I keep looking for the light at the end of the tunnel. I try leaving you behind. I try getting you out of my heart and mind. I try moving forward and running away from your arms. You’ve let me go a long time ago but I feel stuck, rooted and cemented. I can’t run back into your arms. I feel incapable of running away.
I fight myself everyday, lie about not being in love with you, put on a brave and happy face. I behave like I have it all together. I’m broken on the inside. Crumbling away like a sand castle hit by a wave. I put the pieces back together each day, just to have them crumbled again the next.

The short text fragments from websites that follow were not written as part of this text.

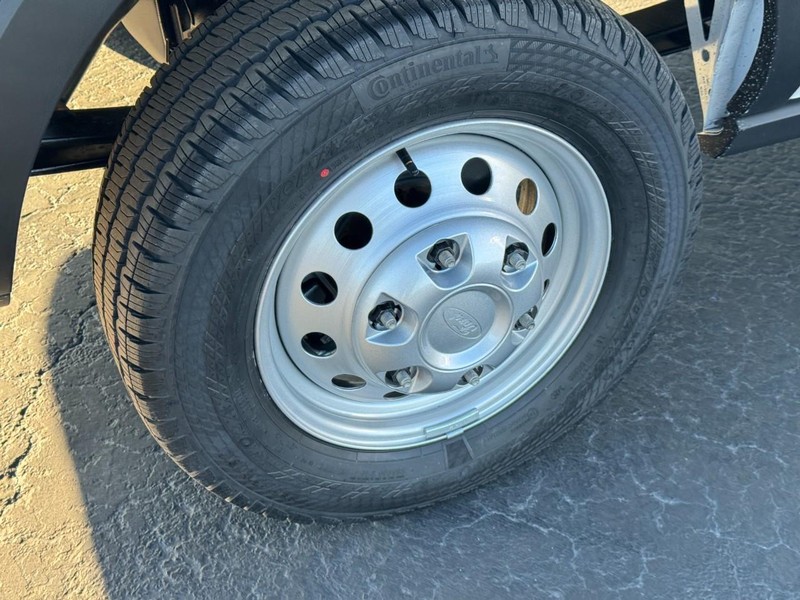 Ford Transit Cargo Van Vehicle Image 04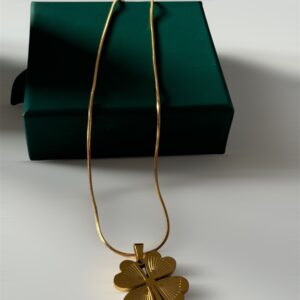 Collier Trifia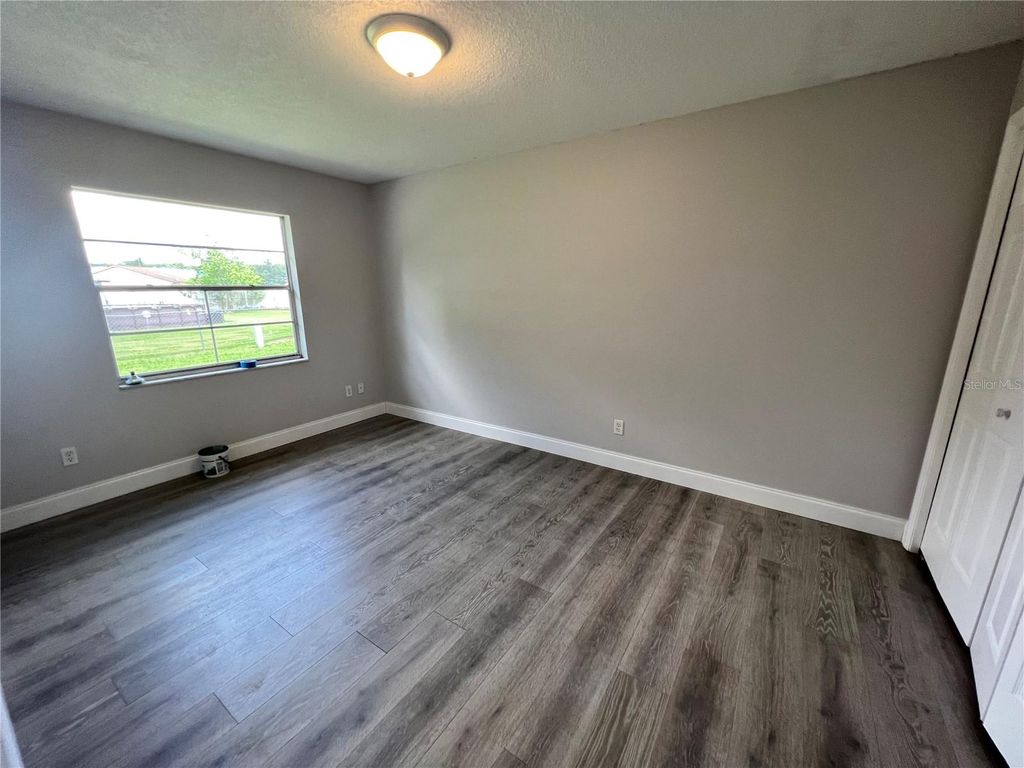 Image 18 of property listing at 1313 SUMMER BREEZE ROAD, Orlando, FL 32822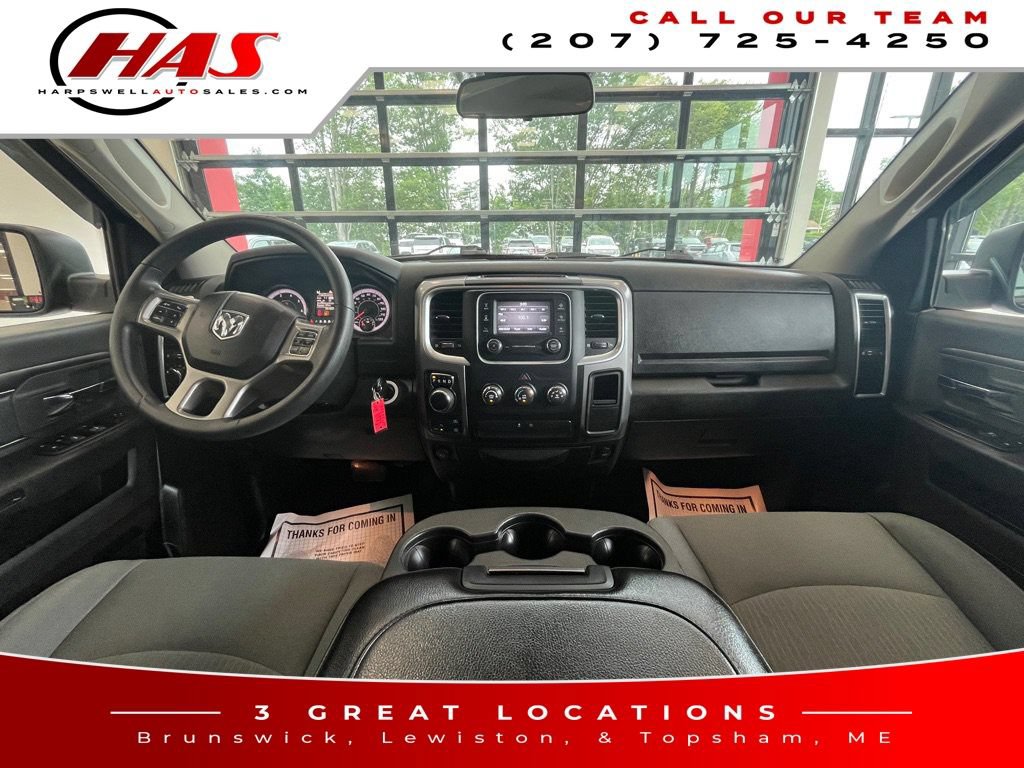 Used 2022 RAM 1500 Classic SLT AWD/4WD image 14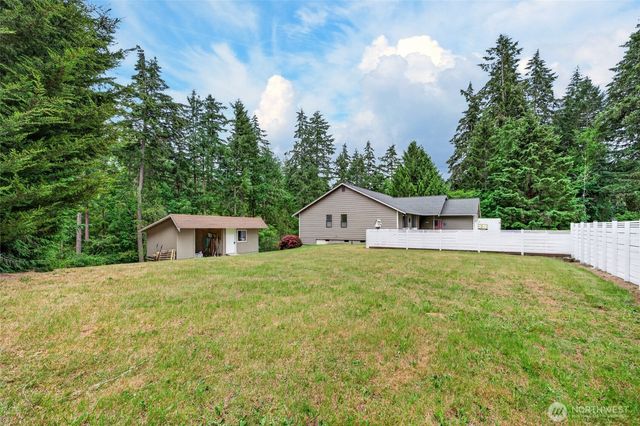 533 6th Court, Fox Island, WA 98333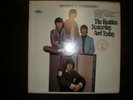 THE BEATLES YESTERDAY AND TODAY LP GREEN CAPITOL LABEL ST 2553 STEREO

I fight the delusion that you’ll come back. That it’ll all work out. I see no hope, no reason, no rhyme. But there’s still faith, there’s belief that it might. How can love be such a blessing and a curse at the same time? How can you be so aware but delusional, all together? How can you be strong but broken all at once?
They say it’s a waiting game. But it’s not a game I know how to play. I try and try and try. But I fail each day. It’s enough of a fight, staying alive anyway.
One day, I hope there’ll be clarity. I pray for an escape from this limbo. For a place of certainty, of happiness, of love, of surety.
I continue looking for the light at the end of the tunnel. A few small steps ahead, a big leap back and then inch ahead again. One day at a time. One breath at a time.